TOKYO - Japan's new-vehicle sales in March declined 7.2 percent from a year earlier to 771,986, the seventh consecutive monthly drop.
Sales fell almost across the board in what is usually the strongest month of the year.
Corporate fleet buyers and parents giving cars to newly graduated children usually push sales up in March.
Buses and medium- and heavy-duty trucks were up slightly.
Sales declined 1.1 percent for compact cars, 12.6 percent for full-sized cars, 27.0 percent for light trucks and 3.9 percent for minivehicles, defined as cars and trucks with engines smaller than 660cc.
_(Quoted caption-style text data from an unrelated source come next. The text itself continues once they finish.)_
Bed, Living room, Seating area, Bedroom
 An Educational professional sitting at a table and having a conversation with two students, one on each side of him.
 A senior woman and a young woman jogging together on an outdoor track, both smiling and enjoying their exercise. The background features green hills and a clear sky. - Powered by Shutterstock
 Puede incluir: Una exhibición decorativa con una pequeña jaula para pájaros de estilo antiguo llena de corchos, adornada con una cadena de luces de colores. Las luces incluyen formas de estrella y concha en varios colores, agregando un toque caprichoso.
Sales of medium- and heavy-trucks nudged up 0.3 percent, while overall imports dipped 1.8 percent.
Honda Motor Co. was the only gainer among the five biggest automakers. With two of its vehicles among Japan's top 10 sellers in the month, Honda sales jumped 8.8 percent.
Sales of the Honda Fit reached a single-month record of 24,847 in March, to rank second among all models. The Fit was introduced in June.
Sales dropped 9.3 percent at Toyota Motor Corp., 9.2 percent at Nissan Motor Co., 15.3 percent at Mitsubishi Motors Corp., and 12.8 percent at Mazda Motor Corp.
Sales of Nissan's redesigned March compact, introduced March 5, got off to a good start. Sales of the March totaled 17,558 in the month, more than double the monthly sales target of 8,000.
Among foreign brands, General Motors sales rose 4.7 percent.
GM received a boost from the Japan-built Chevrolet Cruze, a microvan that was jointly developed and introduced in November with Suzuki.
Although the addition of the vehicle helped GM's percentage comparison in March, the model seems to be struggling to lure Japanese buyers.
It has routinely failed its sales goal of 1,666 a month, or 20,000 a year, since December.
Meanwhile, GM North America imports plunged 43.5 percent, while GM's Opel brand tumbled 36.1 percent.
Ford Group sales dipped 2.5 percent, hurt by a decline in sales for Japan-built Ford models as well as Land Rover and Volvo brands.
DaimlerChrysler sales tumbled 17.5 percent as sales slumped for its flagship Mercedes, Chrysler and Smart brands.